- Original language: Spanish
- Written by: Pedro Calderón de la Barca
- Characters: Don Gutierre Alfonso Solís, nobleman of Seville; King Peter of Castile; Infante Henry II of Castile, brother of King Peter; Don Arias, nobleman in the service of Infante Henry; Don Diego, another nobleman in the service of Infante Henry; Coquín, lackey to Don Gutierre; Doña Mencía de Acuña, Don Gutierre’s wife; Doña Leonor, noblewoman; Jacinta, slave in the house of Don Gutierre; Inés, Doña Leonor’s maid; Teodora, Doña Mencía’s maid; Ludovico, bloodletter; An old man; Soldiers; Musicians;
- Subject: Honor
- Genre: Spanish Golden Age Drama
- Setting: Kingdom of Castile

Premiere
- Date: 1637

= El médico de su honra =

17th Century Spanish play by Pedro Calderón de la Barca

El médico de su honra (The Surgeon of his Honour) is a Spanish language play by Pedro Calderón de la Barca. First published in 1637, it is a tragedy about a misunderstanding which leads to the honor killing of the protagonist's wife. The play is based on the work of the same name by Lope de Vega.

==Plot summary==
===Act 1===
The play opens as the Infante Enrique falls from his horse and loses consciousness. The King, Pedro, does not wish to be detained on his journey to court at Seville, and suggests that the infante's companions, Don Arias and Don Diego, take him to a nearby country house while he continues on to Seville. Arias criticizes the king for being cruel, but Diego cautions him to watch what he says. The two noblemen carry him to the country house, which is inhabited by Don Gutierre and his wife, Doña Mencía.

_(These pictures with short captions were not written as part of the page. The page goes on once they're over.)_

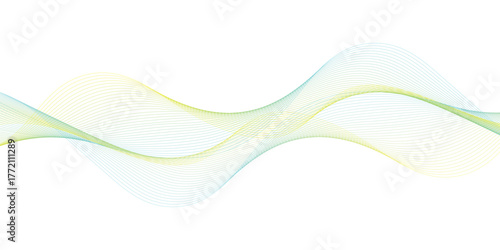 Abstract colorful wave vector illustration with smooth blue and yellow flowing lines for modern design backdrop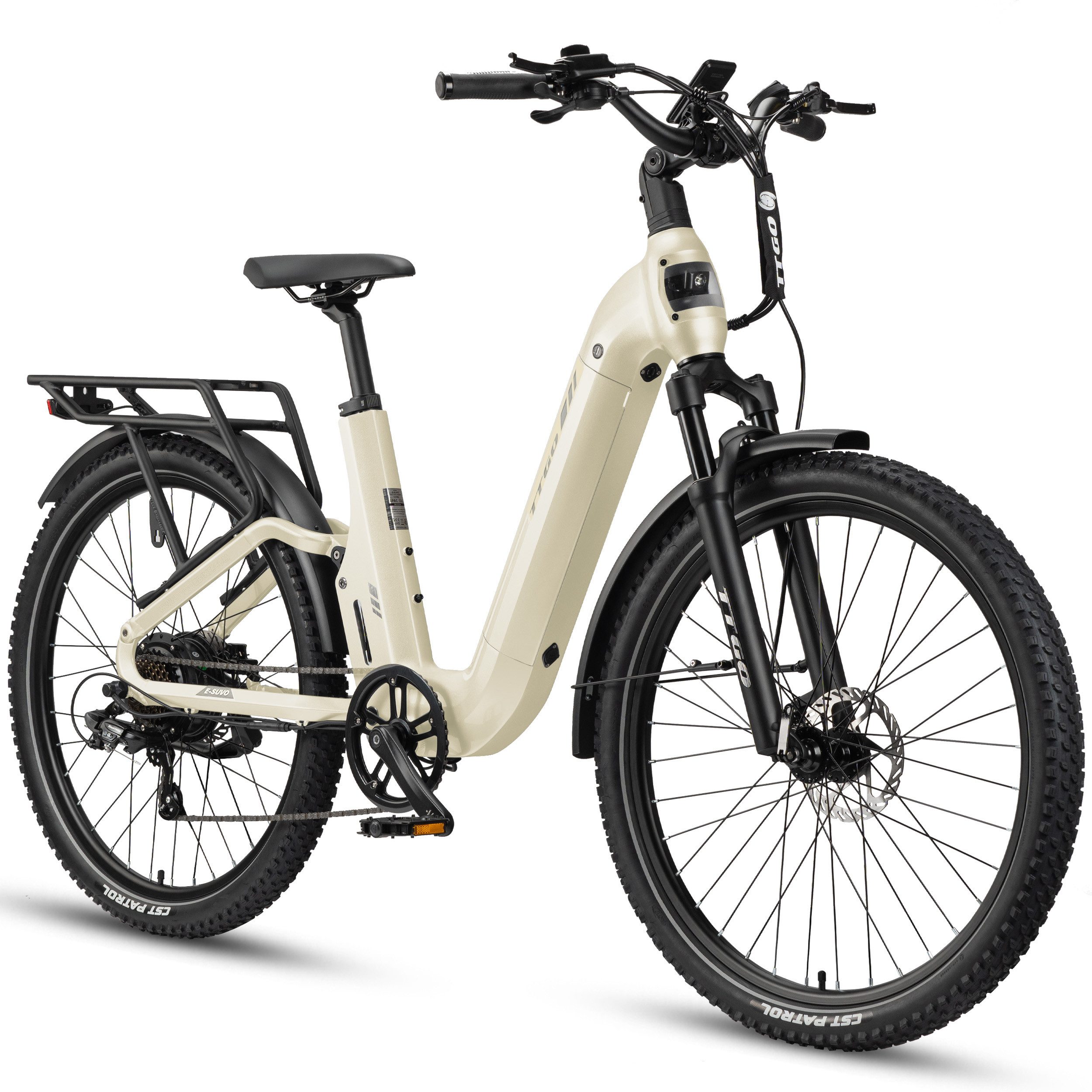 TTGO E-Bike Cityrad 28 Zoll Damen Herren, SUV, Fully, 48V 720Wh bis zu 140km, Bremslicht, 7 Gang Shimano ARDTY300D Schaltwerk, Kettenschaltung, Heckmotor, 720 Wh, (Softtail, Farb-LCD-Display, Drehmomentsensor), Vollfederung, Elektrofahrrad mit Tiefeinstie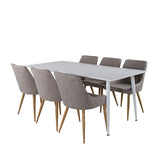 Polar Jídelní stůl 180 cm - Bílá deska / Bílé nohy +Plaza - Jídelní židle - Dub/Světle šedá _6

Mencía and her slave, Jacinta, receive them. Mencía is recognized as the infante's former lover by Arias, but she cautions him to keep quiet, telling him that her honor depends on it. She sends Jacinta to fetch perfumes and is left alone with Enrique and soliloquizes about her former love for him and the need for her to suppress her emotions to protect her honor. Enrique awakens and expresses his love for her. Mencía explains that she is now married and that they are in the house of her husband. Enrique, overcome by his emotions, demands that he and his companions leave at once, convinced that his fall was an omen of his impending death due to grief at his lover's marriage to another. Mencía explains that she never could have married Enrique, as her status was not high enough to marry an infante.

Don Gutierre, Mencía's husband, enters with his lackey Coquín and asks that Enrique honor his humble dwelling (compared to the palace) by staying there while he recovers. Enrique politely declines, saying he has a pressing need to leave quickly. Gutierre inquires as to the nature of this need, so Enrique reads a story about a friend who betrayed him in a matter of the heart, intended to be a message to Mencía explaining his pain at the news of her marriage. Mencía uses his metaphor in the made-up story to convey that she wishes to explain herself to him.

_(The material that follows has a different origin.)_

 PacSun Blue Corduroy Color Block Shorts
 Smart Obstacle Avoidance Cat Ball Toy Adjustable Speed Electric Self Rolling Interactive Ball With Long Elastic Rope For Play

Diego returns and announces that a horse has been prepared for the infante. Gutierre offers him an exceptional mare from his own stables instead. Enrique accepts the gift and lets Mencía know that he will return to visit her. He leaves, along with his two attendants and Coquín. Mencía mentions her jealousy of Gutierre's former lover Leonor, and Gutierre reassures her that he no longer loves her. Mencía doesn't believe him and he leaves. Jacinta enters and convinces Mencía to tell her about her problems.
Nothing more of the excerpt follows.